## [What is expected]
Copy word for word the lines in the records below, starting at the line with "pouf-rond-en-sherpa-boucle-rose-65cm-beanbgas-wigiwama-1" and ending at the line with "منجوق دلیکا ۱۰۱۷". Skip the pictures.

Extracted data entries:
=======

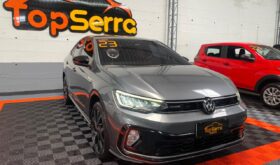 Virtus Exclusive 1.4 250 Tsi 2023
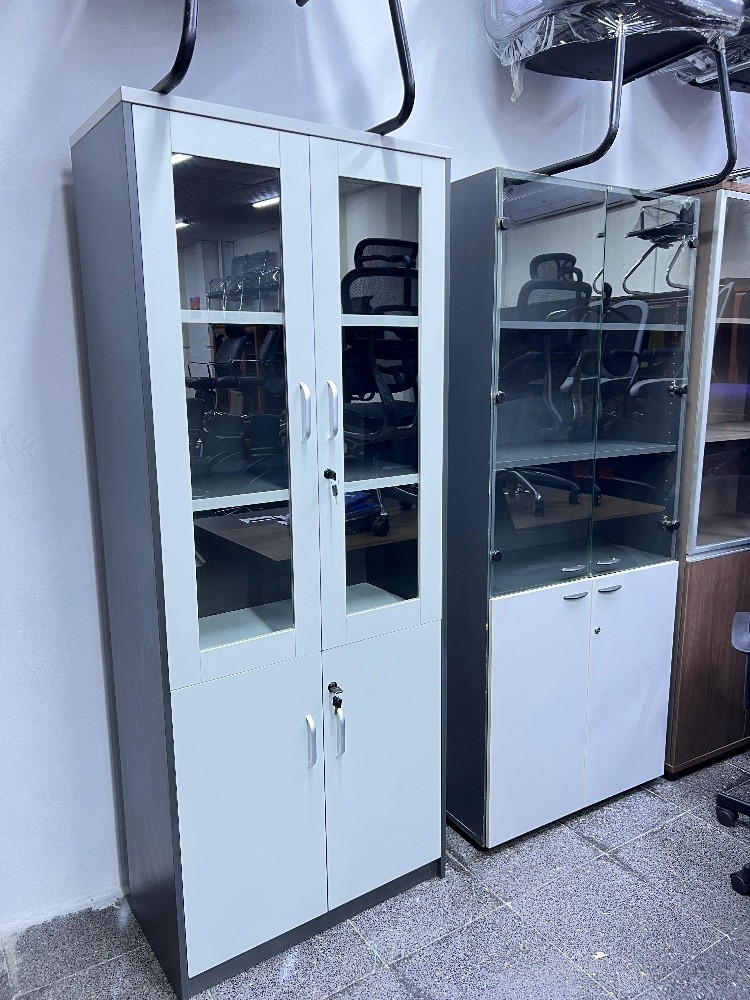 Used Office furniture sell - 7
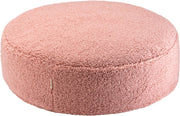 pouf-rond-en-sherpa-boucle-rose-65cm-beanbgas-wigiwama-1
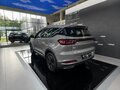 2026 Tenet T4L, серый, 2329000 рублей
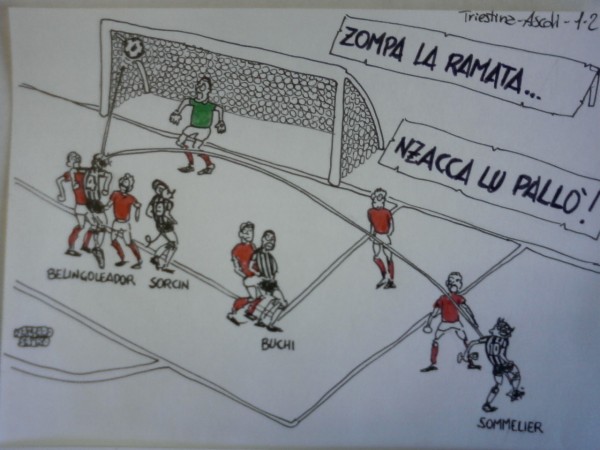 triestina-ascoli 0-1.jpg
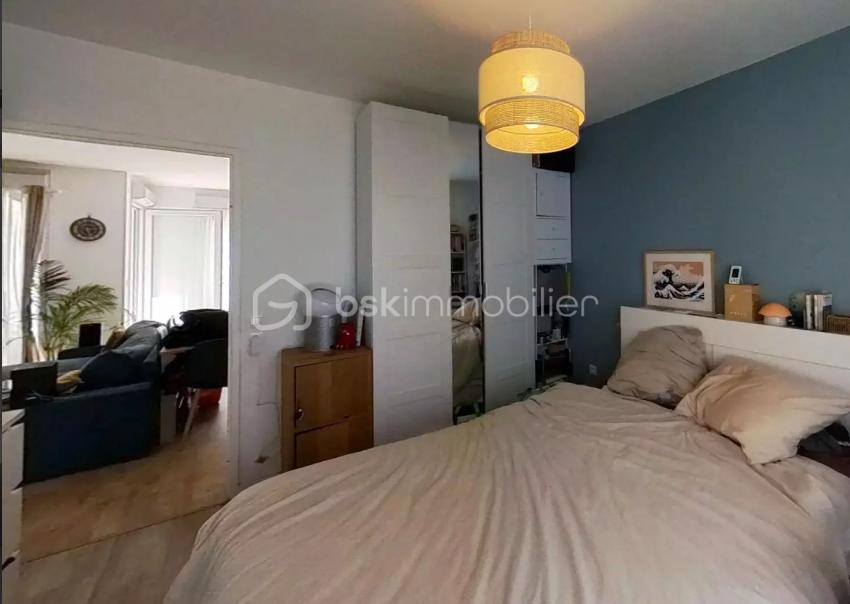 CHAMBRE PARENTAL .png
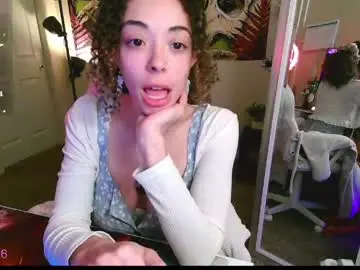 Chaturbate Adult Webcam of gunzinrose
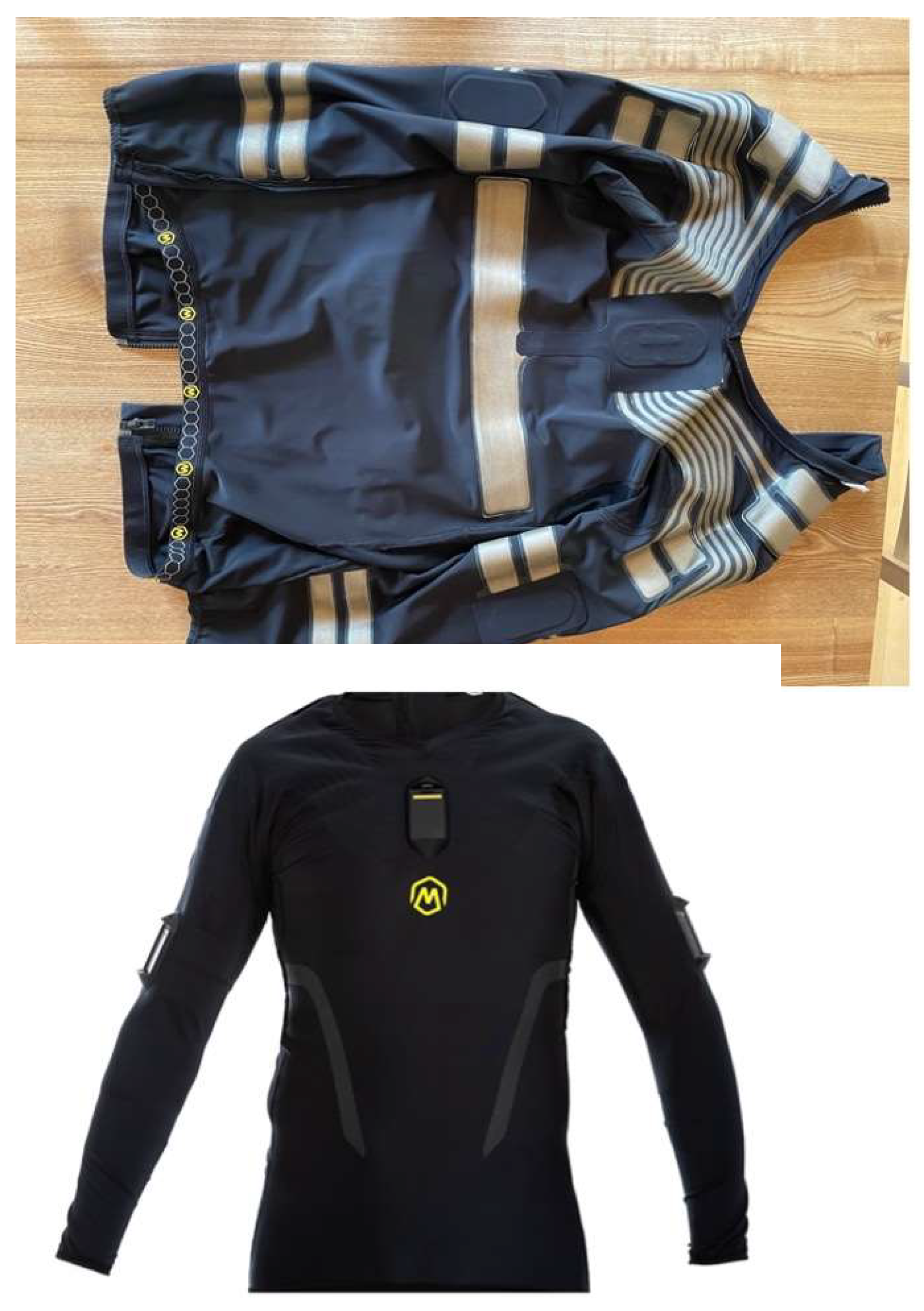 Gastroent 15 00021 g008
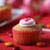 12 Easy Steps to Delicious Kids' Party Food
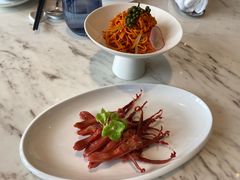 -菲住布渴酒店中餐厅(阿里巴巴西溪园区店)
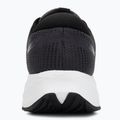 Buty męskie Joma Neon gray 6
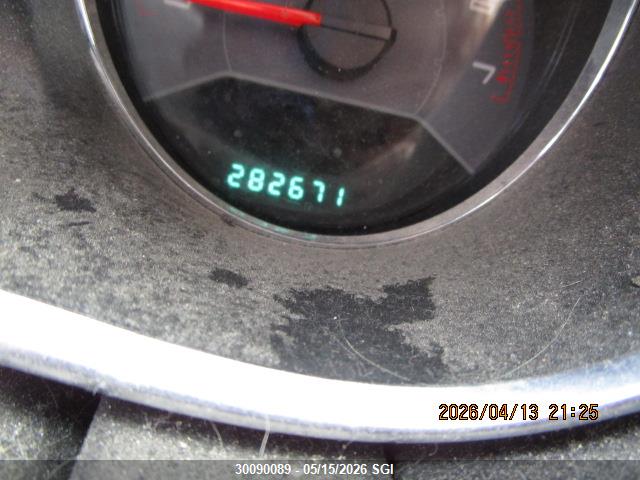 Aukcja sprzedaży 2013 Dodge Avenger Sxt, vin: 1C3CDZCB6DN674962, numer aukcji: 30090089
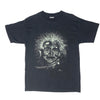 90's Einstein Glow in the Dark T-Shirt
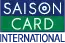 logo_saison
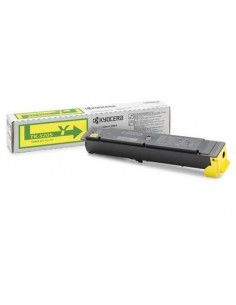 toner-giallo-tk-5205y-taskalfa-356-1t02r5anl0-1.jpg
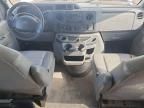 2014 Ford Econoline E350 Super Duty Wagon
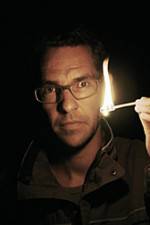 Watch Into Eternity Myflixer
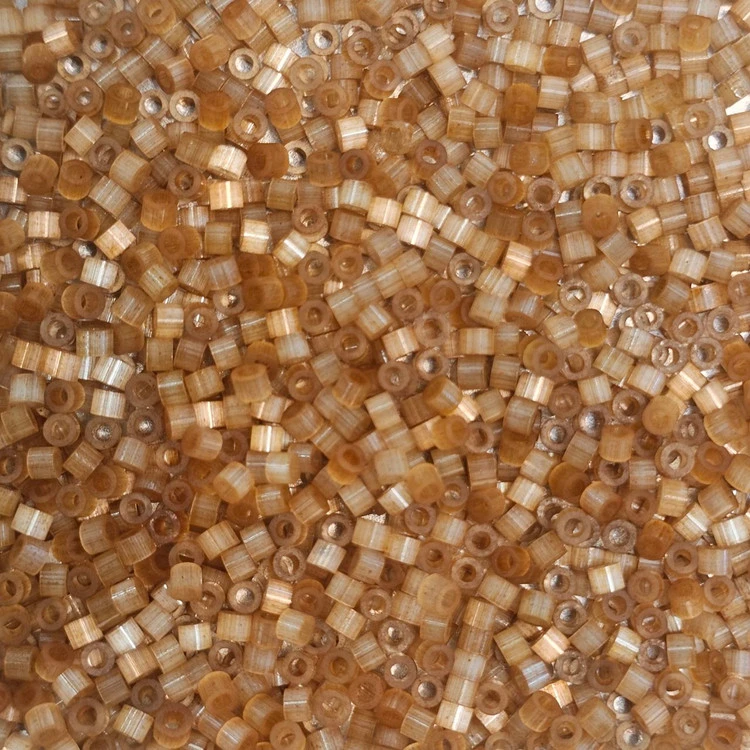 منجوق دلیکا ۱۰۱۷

=======

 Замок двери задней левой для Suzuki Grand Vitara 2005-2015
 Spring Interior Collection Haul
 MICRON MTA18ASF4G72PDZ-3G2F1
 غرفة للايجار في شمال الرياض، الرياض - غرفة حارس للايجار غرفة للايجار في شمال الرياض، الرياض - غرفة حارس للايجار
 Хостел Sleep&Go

=======

## [Answer area]
 pouf-rond-en-sherpa-boucle-rose-65cm-beanbgas-wigiwama-1
 2026 Tenet T4L, серый, 2329000 рублей
 triestina-ascoli 0-1.jpg
 CHAMBRE PARENTAL .png
 Chaturbate Adult Webcam of gunzinrose
 Gastroent 15 00021 g008
 12 Easy Steps to Delicious Kids' Party Food
 -菲住布渴酒店中餐厅(阿里巴巴西溪园区店)
 Buty męskie Joma Neon gray 6
 Aukcja sprzedaży 2013 Dodge Avenger Sxt, vin: 1C3CDZCB6DN674962, numer aukcji: 30090089
 90's Einstein Glow in the Dark T-Shirt
 logo_saison
 toner-giallo-tk-5205y-taskalfa-356-1t02r5anl0-1.jpg
 2014 Ford Econoline E350 Super Duty Wagon
 Watch Into Eternity Myflixer
 منجوق دلیکا ۱۰۱۷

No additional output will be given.